The easy diagnosis is desperation, and that makes a fine start. Then there's the less psychiatric easy explanation: the dearth of intellectual rigor and the reliance on cribbing the arguments and even the verbatim coinages of other, more original commentators and politicos. So some highly overrated New York Times columnist types up some line about the Tea Party being "the Hezbollah wing of the Republican Party", and the next thing you know it's being aped by every leftist hack who thought "Bushitler" was clever circa 2003.

Also, the old-line press corrodes the Left and enables their extreme and extraordinary public pronouncements. The press subjects Republicans and conservatives to the most merciless scrutiny and skepticism, while any Democrat and leftist in America can be assured they will never be called out in the mainstream for contradicting themselves or fudging and fabricating their figures or making outlandish claims about their enemies. They do it because they know they'll get away with it, and over time they lose sense even of where the line is drawn.

And because politics is religion to the Left, there can be no vice in advancing the leftist cause. To be a leftist and an elite in the 21st Century is to be post-Christian, and when it is politics that takes the place of religion, the descent into ends-justify-means-ism must surely follow. Say and do whatever can be gotten away with, if it is necessary for the cause. So if it is necessary for the leftist cause that the Tea Party be repudiated and ruined, and if that means biscuit-baking grandmothers must be demonized by the nation's leaders as America-hating terrorists, well, the ends justify the means.
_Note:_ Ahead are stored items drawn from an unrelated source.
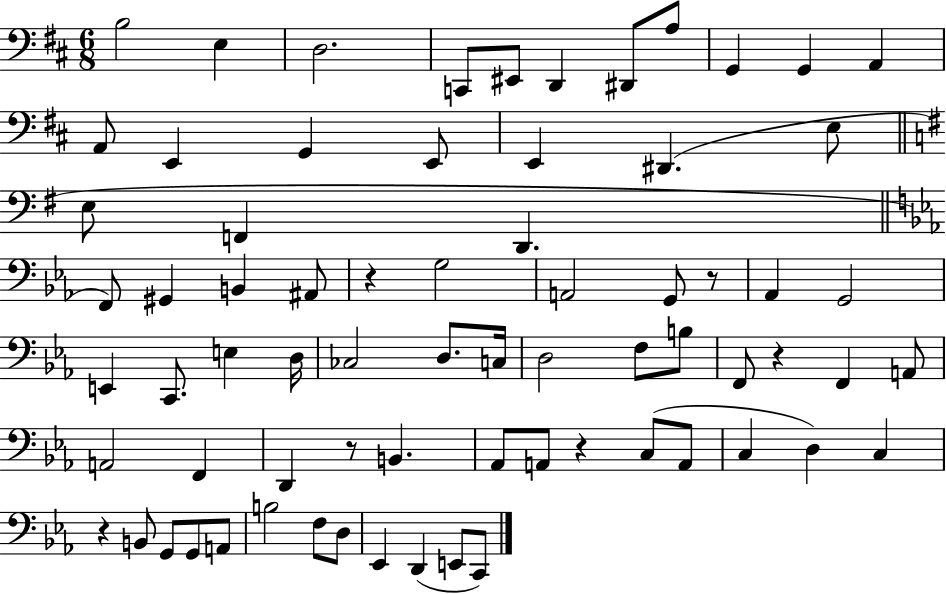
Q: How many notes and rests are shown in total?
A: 71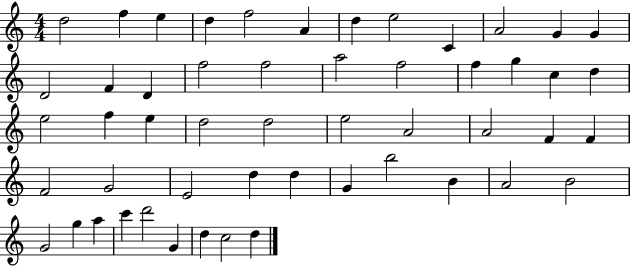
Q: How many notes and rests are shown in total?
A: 52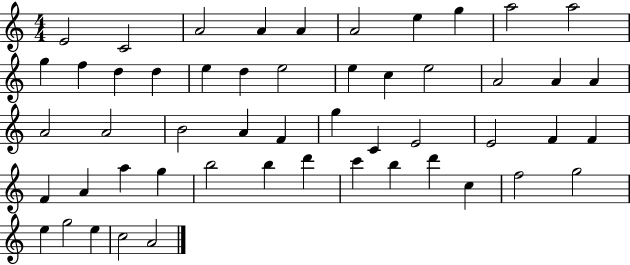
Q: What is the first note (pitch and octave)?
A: E4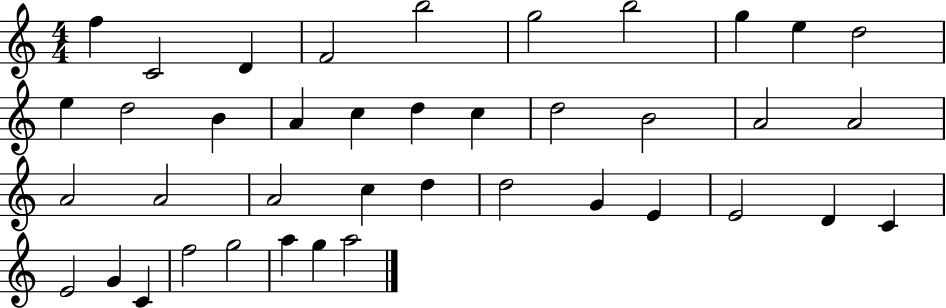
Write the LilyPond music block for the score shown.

{
  \clef treble
  \numericTimeSignature
  \time 4/4
  \key c \major
  f''4 c'2 d'4 | f'2 b''2 | g''2 b''2 | g''4 e''4 d''2 | \break e''4 d''2 b'4 | a'4 c''4 d''4 c''4 | d''2 b'2 | a'2 a'2 | \break a'2 a'2 | a'2 c''4 d''4 | d''2 g'4 e'4 | e'2 d'4 c'4 | \break e'2 g'4 c'4 | f''2 g''2 | a''4 g''4 a''2 | \bar "|."
}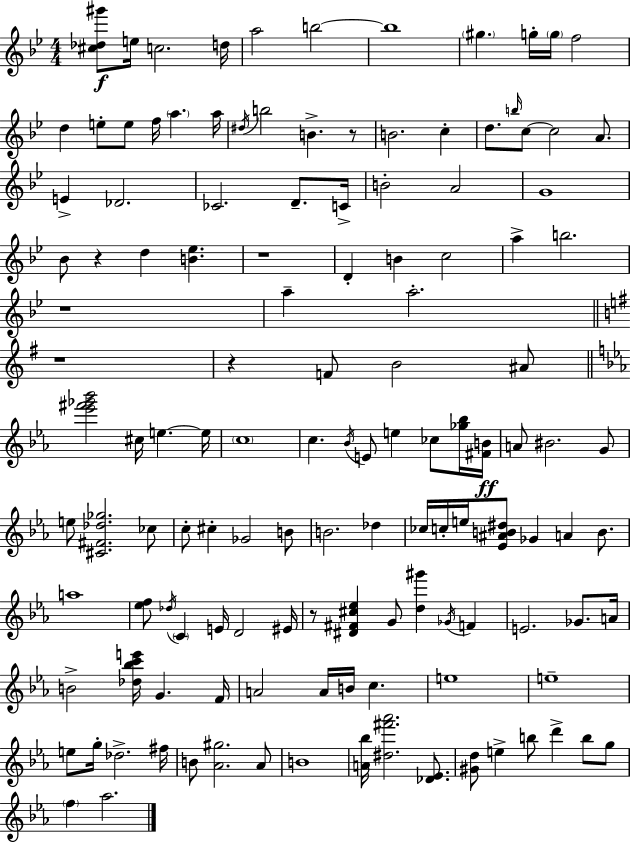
X:1
T:Untitled
M:4/4
L:1/4
K:Bb
[^c_d^g']/2 e/4 c2 d/4 a2 b2 b4 ^g g/4 g/4 f2 d e/2 e/2 f/4 a a/4 ^d/4 b2 B z/2 B2 c d/2 b/4 c/2 c2 A/2 E _D2 _C2 D/2 C/4 B2 A2 G4 _B/2 z d [B_e] z4 D B c2 a b2 z4 a a2 z4 z F/2 B2 ^A/2 [_e'^f'_g'_b']2 ^c/4 e e/4 c4 c _B/4 E/2 e _c/2 [_g_b]/4 [^FB]/4 A/2 ^B2 G/2 e/2 [^C^F_d_g]2 _c/2 c/2 ^c _G2 B/2 B2 _d _c/4 c/4 e/4 [_E^AB^d]/2 _G A B/2 a4 [_ef]/2 _d/4 C E/4 D2 ^E/4 z/2 [^D^F^c_e] G/2 [d^g'] _G/4 F E2 _G/2 A/4 B2 [_d_bc'e']/4 G F/4 A2 A/4 B/4 c e4 e4 e/2 g/4 _d2 ^f/4 B/2 [_A^g]2 _A/2 B4 [A_b]/4 [^d^f'_a']2 [_D_E]/2 [^Gd]/2 e b/2 d' b/2 g/2 f _a2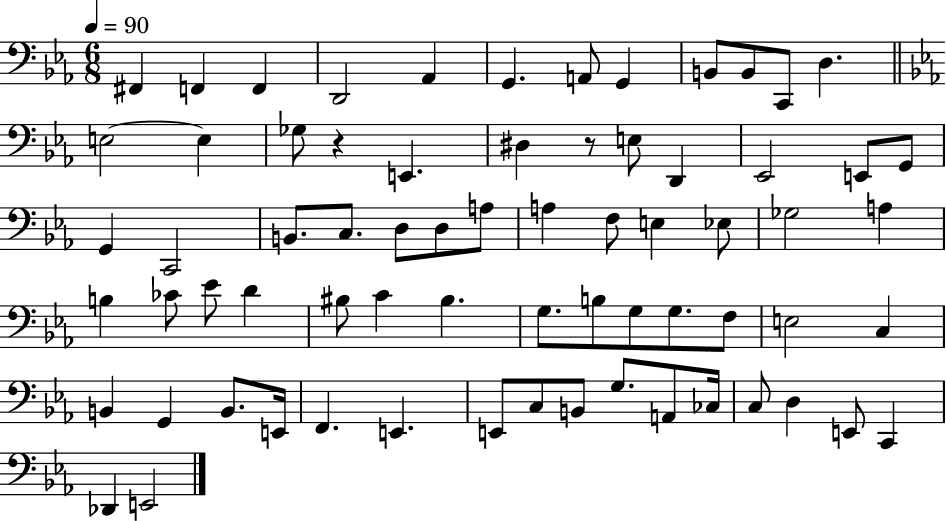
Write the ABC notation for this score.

X:1
T:Untitled
M:6/8
L:1/4
K:Eb
^F,, F,, F,, D,,2 _A,, G,, A,,/2 G,, B,,/2 B,,/2 C,,/2 D, E,2 E, _G,/2 z E,, ^D, z/2 E,/2 D,, _E,,2 E,,/2 G,,/2 G,, C,,2 B,,/2 C,/2 D,/2 D,/2 A,/2 A, F,/2 E, _E,/2 _G,2 A, B, _C/2 _E/2 D ^B,/2 C ^B, G,/2 B,/2 G,/2 G,/2 F,/2 E,2 C, B,, G,, B,,/2 E,,/4 F,, E,, E,,/2 C,/2 B,,/2 G,/2 A,,/2 _C,/4 C,/2 D, E,,/2 C,, _D,, E,,2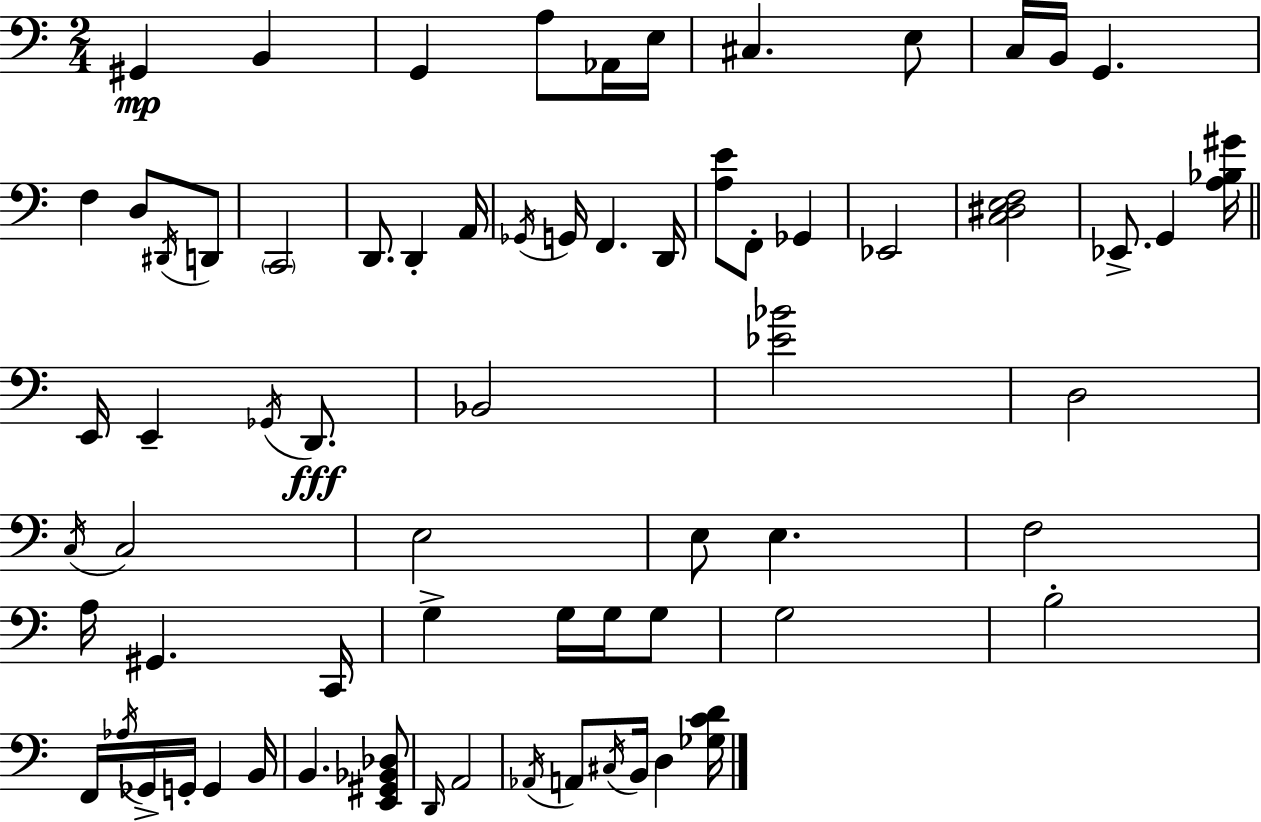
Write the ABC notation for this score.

X:1
T:Untitled
M:2/4
L:1/4
K:Am
^G,, B,, G,, A,/2 _A,,/4 E,/4 ^C, E,/2 C,/4 B,,/4 G,, F, D,/2 ^D,,/4 D,,/2 C,,2 D,,/2 D,, A,,/4 _G,,/4 G,,/4 F,, D,,/4 [A,E]/2 F,,/2 _G,, _E,,2 [C,^D,E,F,]2 _E,,/2 G,, [A,_B,^G]/4 E,,/4 E,, _G,,/4 D,,/2 _B,,2 [_E_B]2 D,2 C,/4 C,2 E,2 E,/2 E, F,2 A,/4 ^G,, C,,/4 G, G,/4 G,/4 G,/2 G,2 B,2 F,,/4 _A,/4 _G,,/4 G,,/4 G,, B,,/4 B,, [E,,^G,,_B,,_D,]/2 D,,/4 A,,2 _A,,/4 A,,/2 ^C,/4 B,,/4 D, [_G,CD]/4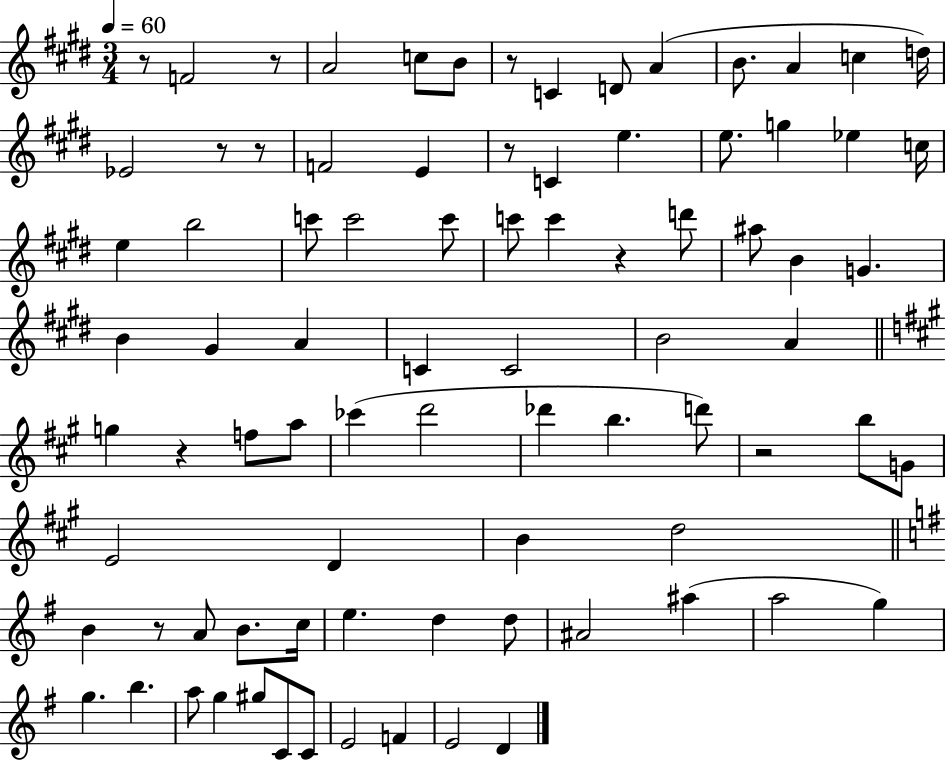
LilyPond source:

{
  \clef treble
  \numericTimeSignature
  \time 3/4
  \key e \major
  \tempo 4 = 60
  \repeat volta 2 { r8 f'2 r8 | a'2 c''8 b'8 | r8 c'4 d'8 a'4( | b'8. a'4 c''4 d''16) | \break ees'2 r8 r8 | f'2 e'4 | r8 c'4 e''4. | e''8. g''4 ees''4 c''16 | \break e''4 b''2 | c'''8 c'''2 c'''8 | c'''8 c'''4 r4 d'''8 | ais''8 b'4 g'4. | \break b'4 gis'4 a'4 | c'4 c'2 | b'2 a'4 | \bar "||" \break \key a \major g''4 r4 f''8 a''8 | ces'''4( d'''2 | des'''4 b''4. d'''8) | r2 b''8 g'8 | \break e'2 d'4 | b'4 d''2 | \bar "||" \break \key e \minor b'4 r8 a'8 b'8. c''16 | e''4. d''4 d''8 | ais'2 ais''4( | a''2 g''4) | \break g''4. b''4. | a''8 g''4 gis''8 c'8 c'8 | e'2 f'4 | e'2 d'4 | \break } \bar "|."
}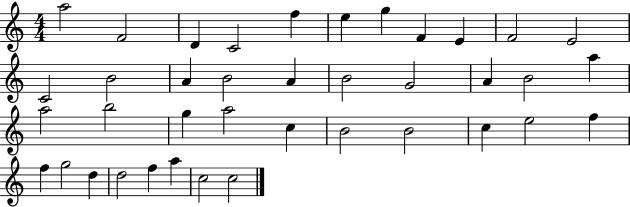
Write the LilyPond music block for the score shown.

{
  \clef treble
  \numericTimeSignature
  \time 4/4
  \key c \major
  a''2 f'2 | d'4 c'2 f''4 | e''4 g''4 f'4 e'4 | f'2 e'2 | \break c'2 b'2 | a'4 b'2 a'4 | b'2 g'2 | a'4 b'2 a''4 | \break a''2 b''2 | g''4 a''2 c''4 | b'2 b'2 | c''4 e''2 f''4 | \break f''4 g''2 d''4 | d''2 f''4 a''4 | c''2 c''2 | \bar "|."
}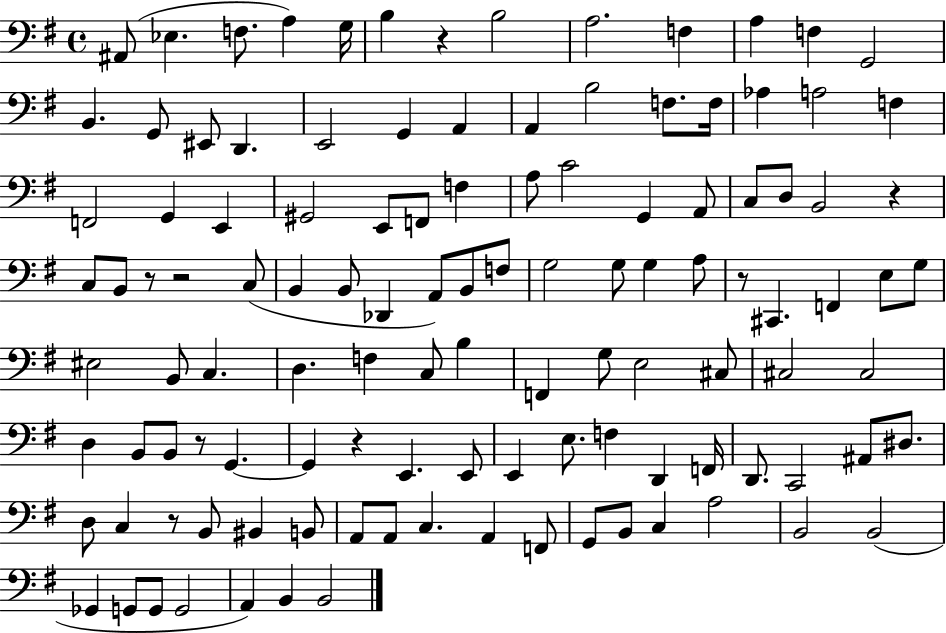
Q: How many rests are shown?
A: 8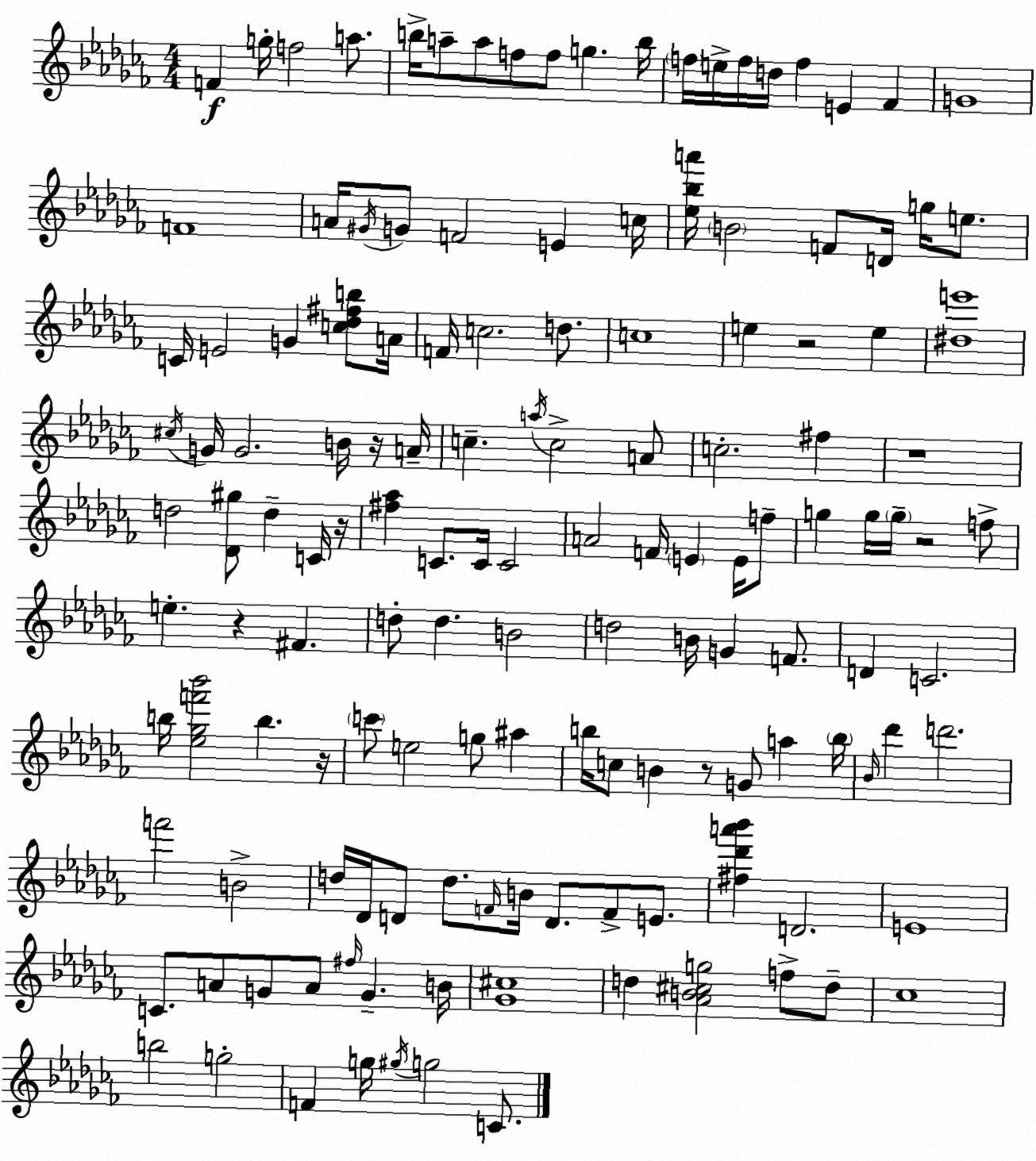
X:1
T:Untitled
M:4/4
L:1/4
K:Abm
F g/4 f2 a/2 b/4 a/2 a/2 f/2 f/2 g b/4 f/4 e/4 f/4 d/4 f E _F G4 F4 A/4 ^G/4 G/2 F2 E c/4 [_e_ba']/4 B2 F/2 D/4 g/4 e/2 C/4 E2 G [c_d^fb]/2 A/4 F/4 c2 d/2 c4 e z2 e [^de']4 ^c/4 G/4 G2 B/4 z/4 A/4 c a/4 c2 A/2 c2 ^f z4 d2 [_D^g]/2 d C/4 z/4 [^f_a] C/2 C/4 C2 A2 F/4 E E/4 f/2 g g/4 g/4 z2 f/2 e z ^F d/2 d B2 d2 B/4 G F/2 D C2 b/4 [_e_gf'_b']2 b z/4 c'/2 e2 g/2 ^a b/4 c/2 B z/2 G/2 a b/4 _B/4 _d' d'2 f'2 B2 d/4 _D/4 D/2 d/2 F/4 B/4 D/2 F/2 E/2 [^f_d'a'_b'] D2 E4 C/2 A/2 G/2 A/2 ^f/4 G B/4 [_G^c]4 d [_AB^cg]2 f/2 d/2 _c4 b2 g2 F g/4 ^g/4 g2 C/2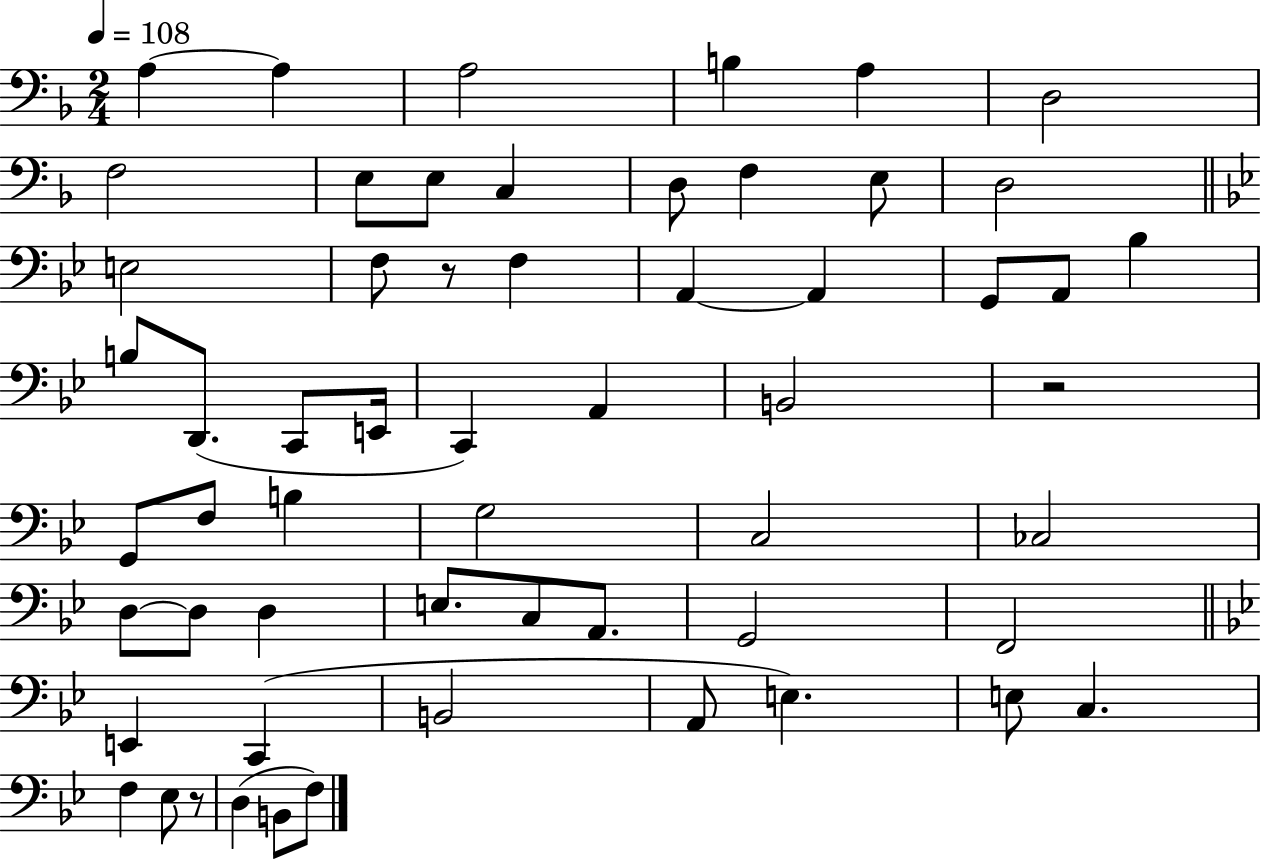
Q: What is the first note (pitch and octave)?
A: A3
But why accuse the Tea Partiers of "anti-Americanism" of all things? When the Left and the elite aren't busy accusing the Tea Partiers of trying to blow up the country, they're scorning them for their earnest, childlike, rah-rah-sis-boom-bah patriotism. The America-haters claim may be explicable in some part by the conservative theory of leftist "projection", i.e., much of what leftists accuse their enemies of is in fact what's in their own hearts. So the Left reflexively accuses conservatives of, say, staging phony, "astro-turf" protests, because that's just the sort of thing they get up to, with their "Rules for Radicals" seminars and their college courses on activism and their paid labor-union rent-a-mobs bussed in from out of state. And if the Left is motivated by contempt for America then that's just the motivation that they'll project onto their opposition. Projection may explain some part of the leftist accusations of anti-Americanism in the flag-waving, flag-wearing Tea Partiers of all people, but I'd guess there's something more semantic at play.

The American conservative's patriotism is for the nation and not the government; the leftist's equivalent to patriotism is more or less the contrary. The conservative trusts that a nation of individuals pursuing what's best for themselves and their loved ones can only be the happier, richer, and freer nation; the leftist starts with a disdain for the average man and distrusts him to make the "right choices" for himself if left to his own devices, and sees the state as the font of all things good, the rightful distributor of wealth, the patron of the approved and scourge of the unapproved, and as the teacher of the nation, correcting its unenlightened history and base nature.

Well, if you're the sort of person who imagines that the good in the country is reposed in its government, then you're liable to regard the Tea Party and its rearguard action to roll back the cost and reach of government as a dagger at the heart of all that's right and good. Only, the very most foundational principle of the United States is freedom from government, of restricting and restraining the state. Which is why a lot of statists damning limited-government Tea Partiers as "anti-American" is the world turned upside down.